There he found inspiration with local musicians and a mentor of sorts, David Colburn, founder and owner of Vintage Fret Shop, which still specializes in vintage musical instrument sales and repairs.

“Ashland had a great underground community in those days (mid-1970s), ” Colburn recalled. “Lots of creative people seeking refuge from the urban scene… musicians like Cormac McCarthy, Don Ransom. Bonnie Raitt was there.

“Charley arrived one day …must have been 1974 or 75…in a faded dark blue Peugeot he called ‘The Blue Clam.’ He took a small apartment above a pizza restaurant and got right into the scene. His father stayed with him for a while … had an unusual name, Pleasanton (Conquest).”

Colburn remembers Charley being fascinated with repairing and building guitars and other instruments and starting his own music group. And also that he had a great sense of humor.

“There were four guys, they called themselves ‘The Nananda Band,’ ” Colburn said. “I asked Charley once about the group’s music genre. He said, ‘We make our own music, it’s called mondo bizzaro…’ ”

After Ashland, Charley moved to Hanover to start his own business, Hanover Strings. A good friend, Joseph Stallsmith, now a counselor at Hanover High, remembers it well.

“I moved to the Upper Valley to open 5 Olde Nugget Alley in ‘79 and got to know Charley quite well,” Stallsmith said via email. “I bought my music gear from him. When we opened Joseph’s Waterworks in ‘84 (on Route 5 in Norwich), Charley became our ticket agency (and) sound consultant for many concerts.”

Stallsmith said he did a high school program last year called “Mind Your Own Business,” talking to entrepreneurs around the Upper Valley, and Conquest was a featured speaker.

“His individual story and life spent earning a living while pursuing his passion was refreshingly compelling to a group of high school kids,” he said.

Generosity was a trait that many remembered.

Thetford resident Ed Eastridge, a guitarist who teaches at Hanover Strings, said, “I met Charley in 1989 and we hit it off right away, I suppose because we were both from Baltimore and spoke the language….’Bal-mer’ or ‘snay-tars’ (snow tires) or ‘race’ (roast) beef.

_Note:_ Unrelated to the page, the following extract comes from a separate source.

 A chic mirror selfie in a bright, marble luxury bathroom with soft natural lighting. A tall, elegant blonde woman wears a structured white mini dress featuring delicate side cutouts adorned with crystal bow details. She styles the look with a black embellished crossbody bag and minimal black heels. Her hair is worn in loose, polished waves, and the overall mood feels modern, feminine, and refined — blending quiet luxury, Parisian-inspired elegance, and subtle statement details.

“I rented a small space in the shop for lessons and agreed to pay Charley monthly with automatic withdrawals from my account. About a year or so after that, I looked at my account and realized nothing was coming out to pay Charley. He never said a word…I was embarrassed, told him I would pay him in full, and he just waved me away.”

Dartmouth squash coach Hansi Wiens, who gave lessons to Conquest, said he played a key role in helping when Wiens’ fiancée Valeria had problems returning to Hanover from Canada in 2007.

“We ran into problems with Homeland Security over her visa. They actually put her in jail. When Charley found out, he immediately mobilized the squash group and others, even set up a web site and hired an attorney,” Wiens said. “They saved us.”

Conquest also was a big help to Dartmouth musicians, according to Hafiz Shabazz, master drummer and adjunct professor in the Dartmouth music department.

“Charley and his team did a lot of business with the music department. Musicians performing at the Hop would go to his shop for repairs or just to hang out. We had a great relationship and he never charged full price for the stuff we bought,” he said.

On a gorgeous Saturday afternoon this fall, the Vershire hills resplendent, more than 100 of Charley’s friends and family gathered in the shrine room of the Buddhist study and practice center — Pema Osel Do Ngak Choling — to pay respects. His son Will talked about lessons his father taught. Rebecca Henry, the center director, mentioned receiving three harmonicas from Charley after she had told him of her interest.

“He had no agenda, just gave without expecting anything in return,” she said.

Eastridge and Ted Mortimer, front man for the Dr. Burma band, performed, as did the guys from Salt hill, cheering things up with one of Conquest’s Irish special jigs, I Was Born for Sport.

And his sister, Julie, sang one of Charley’s favorites, a Yeats poem committed to music by Judy Collins and Dave Van Ronk — The Song of Wandering Aengus.

It was a fitting tribute to a generous troubadour.